Requirement: With the pictures left out, write out exactly the lines of the listing below that run from the line with "Womens Top - Picture 2 of 2" through the line with "Casa De Estreno En Venta".
== Information ==
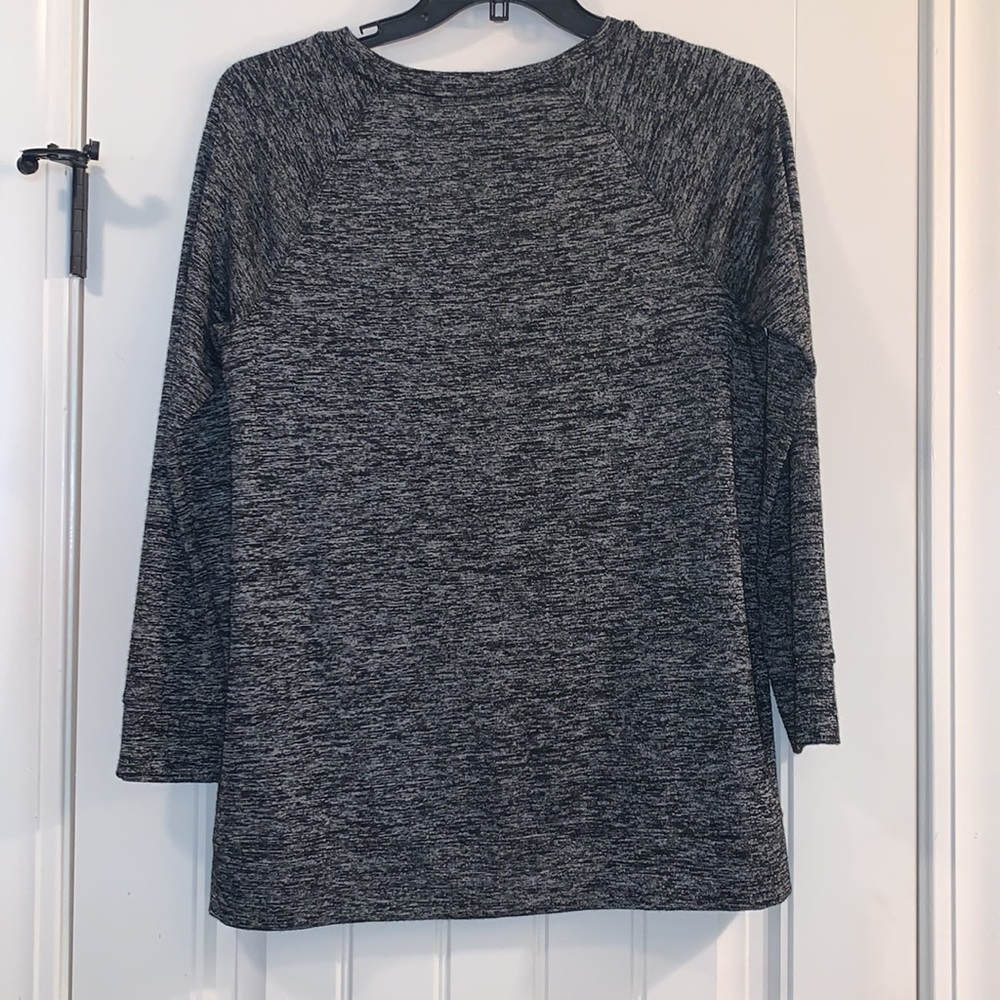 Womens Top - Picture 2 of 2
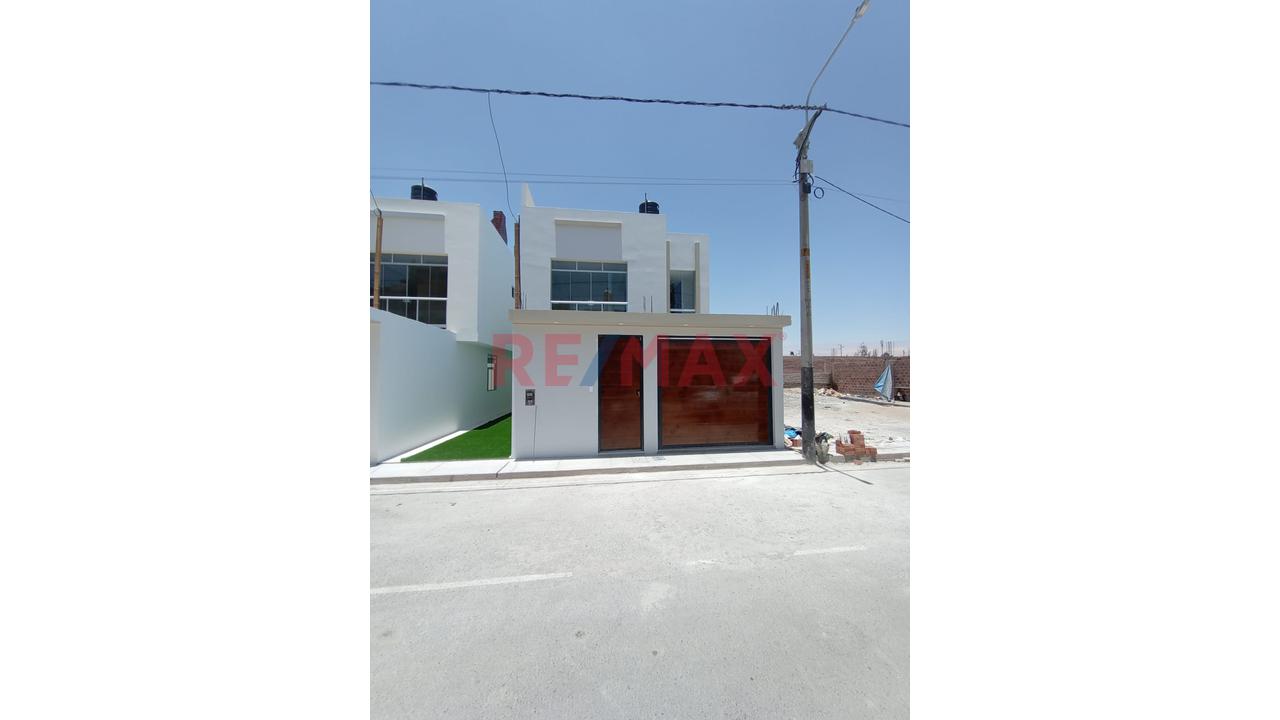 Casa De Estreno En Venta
===
== Information ==
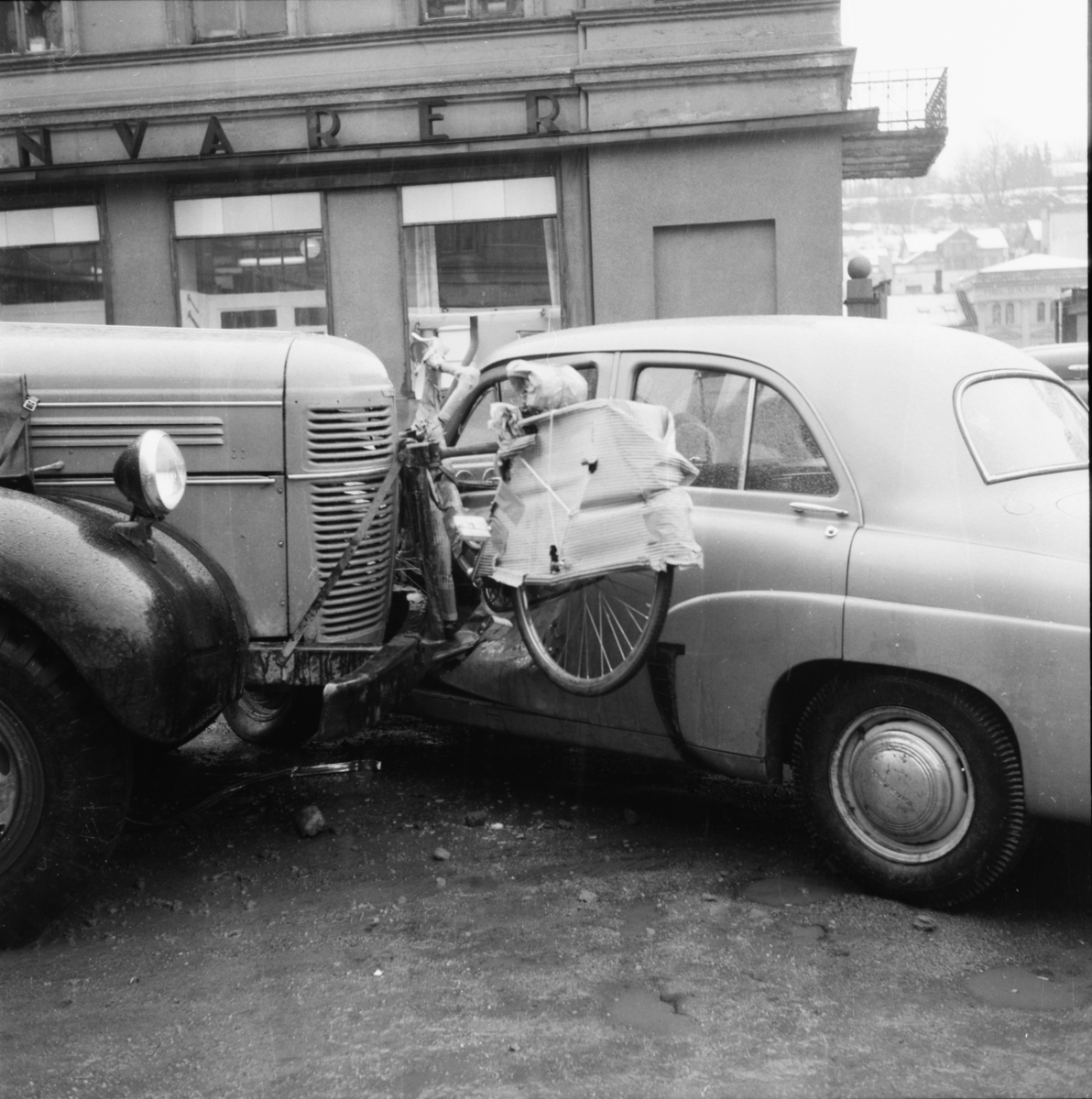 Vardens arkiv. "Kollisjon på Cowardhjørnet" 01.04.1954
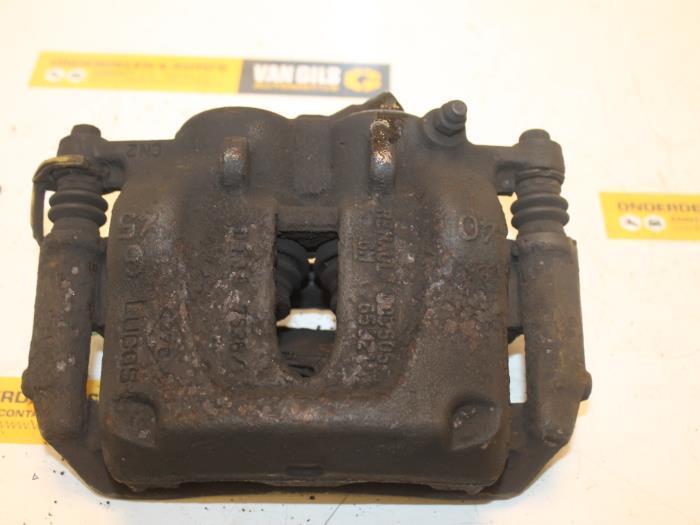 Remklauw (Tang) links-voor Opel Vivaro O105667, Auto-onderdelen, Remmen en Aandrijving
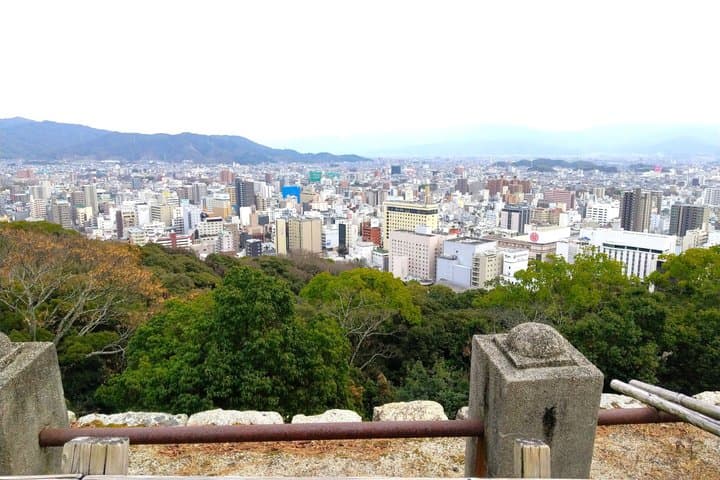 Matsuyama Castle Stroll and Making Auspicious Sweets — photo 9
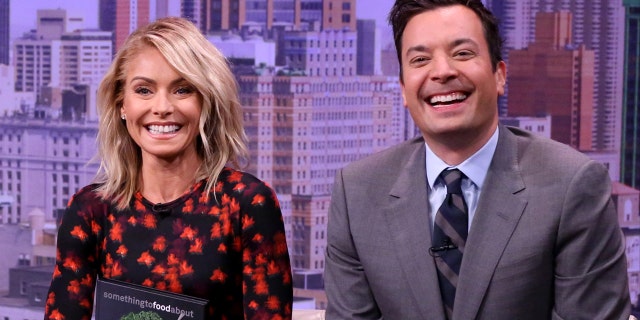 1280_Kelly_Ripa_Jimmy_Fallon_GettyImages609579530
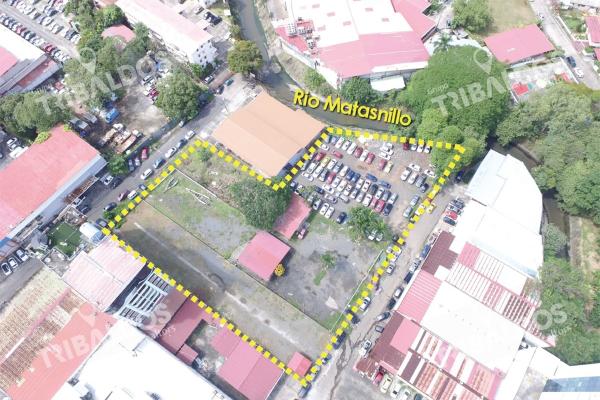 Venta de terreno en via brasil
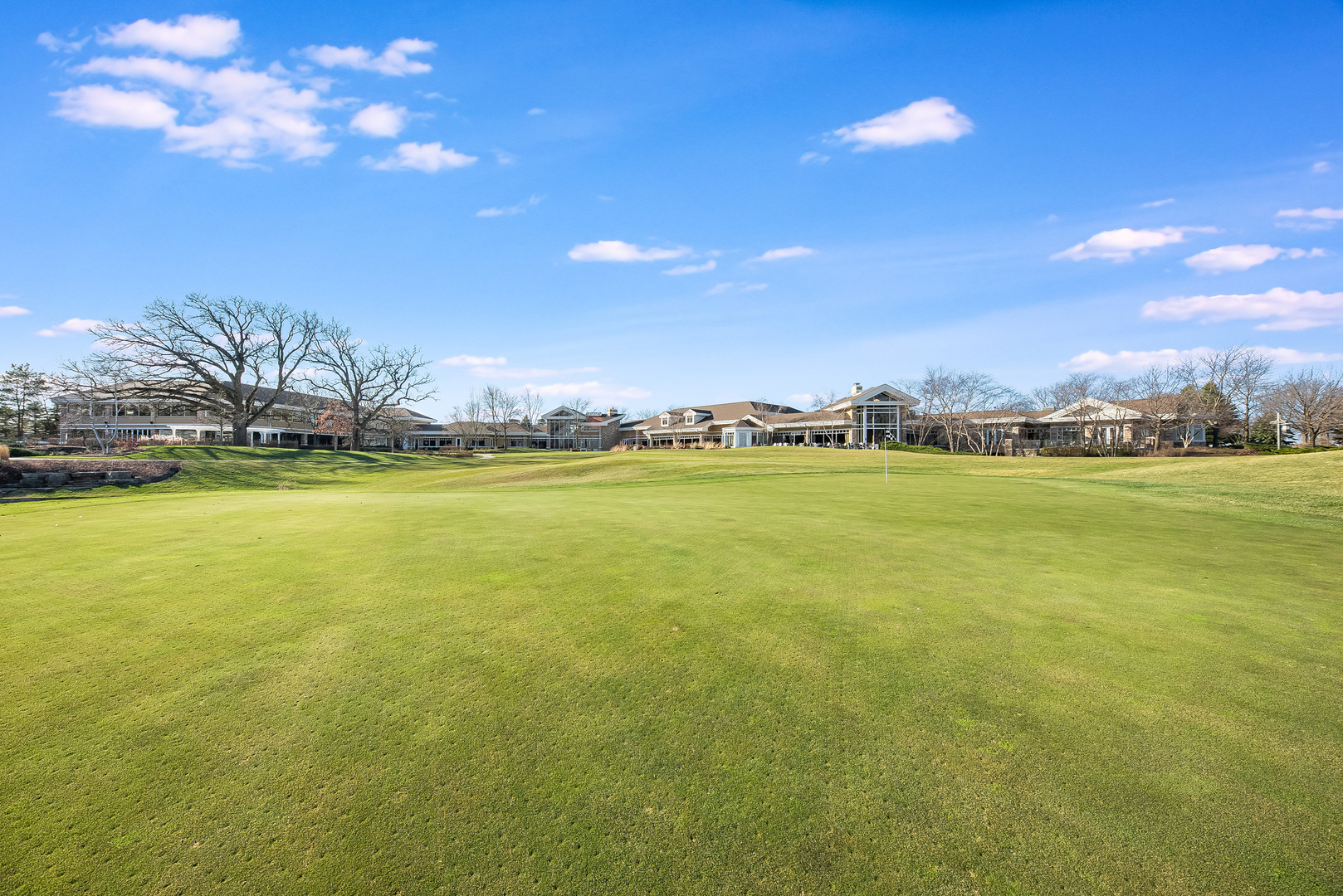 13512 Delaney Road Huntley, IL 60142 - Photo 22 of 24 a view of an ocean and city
===
Expected answer:
 Womens Top - Picture 2 of 2
 Casa De Estreno En Venta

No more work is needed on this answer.